A spinnaker shackle...
http://www.flickr.com/photos/aerotowrelease/8305428629/
...isn't an ideal glider tow release but it ain't bad and Wichard was somehow able to engineer it such that it doesn't have issues with saltwater.
And - if you MUST use the three-ring configuration for your release - the thought has NEVER occurred to you to use an ACTUAL...
...three-RING release? Stainless steel rings 'cause you're working in a saltwater environment? But I guess you've established a long track record with your cheap strings crap wearing out the third strings, keeping them wet, dissolving out salt crystals with fresh water, checking function... Proven system that works. Why mess with success? If it ain't broke...

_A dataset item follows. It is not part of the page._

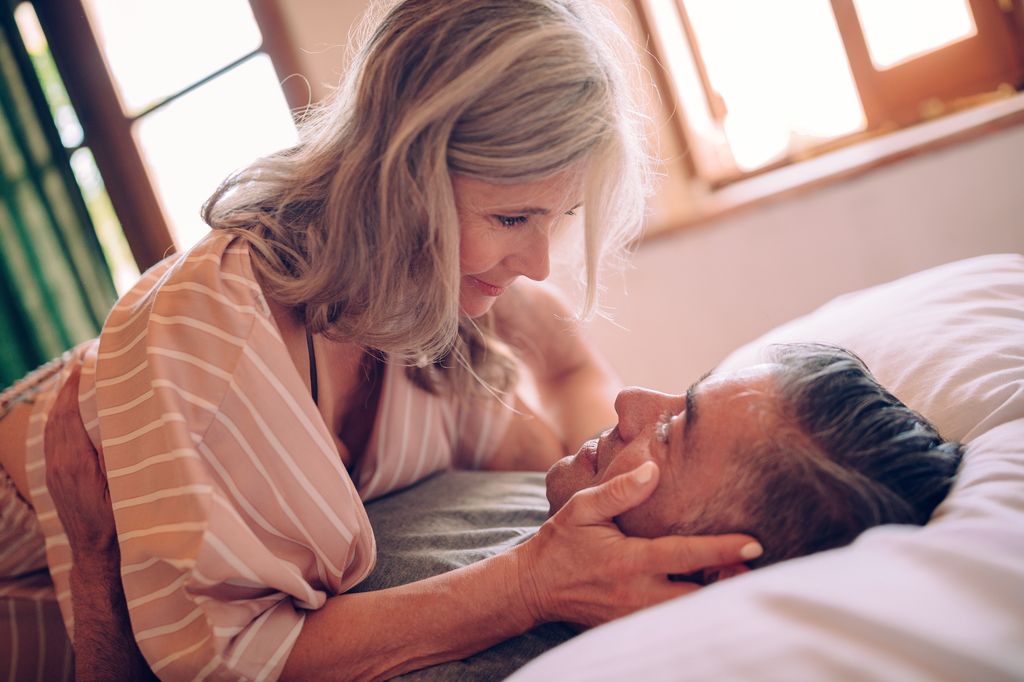 Senior couple flirting and looking in each other's eyes with desire while relaxing in bed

- Fuck experience. You name me one tow crash in the history of the sport that happened because somebody involved was INEXPERIENCED. This game has EVERYTHING to do with COMPETENCE and virtually NOTHING to do with EXPERIENCE. Quest Air and Mission Soaring Center should have removed any vestiges of doubts about that issue on 2013/02/02, and 2013/06/15 respectively.In addition, it should be stressed to all platform commercial operations, no matter how experienced, that crosswind/circular tow patterns are less than ideal, and should be avoided if at all possible.
- Duh.
- And if you need to stress this to all platform commercial operations what is that telling us about all platform commercial operations? Are they really all that fucking superior to us weekend warrior muppets?
- It's ALWAYS *POSSIBLE* to avoid crosswind/circular tow patterns. Nobody ever got scratched as a consequence of NOT launching a hang glider. The idea is to get the fuckin' glider to altitude and nobody needs to be told that if he has the luxury of an environment which allows him one long run straight into the wind he should take it. And if somebody's too fucking stupid to understand the threat of extended wheels in ANY tow operation - let alone circuit or step - how much good do you think you're accomplishing by posting something like this?
- And this was NEVER a circuit tow. It was basically a shortish upwind run with an obtuse 123 degree bend in the middle. The tow driver assumed the tow was over when he still had twenty-three hundred feet of very useable lakebed left straight upwind of him. And the glider kept proceeding in pretty much the same direction until it was overwhelmed by snagged towline tension shortly prior to impact.
And here, again, is your central thesis:
And you haven't been able to cite ONE incident from either your own or anyone else's operation in which a dedicated observer has been of the slightest use.First and foremost: Platform towing without a dedicated observer is just plain stupid.
And mostly clueless. See above.Just my humble opinion.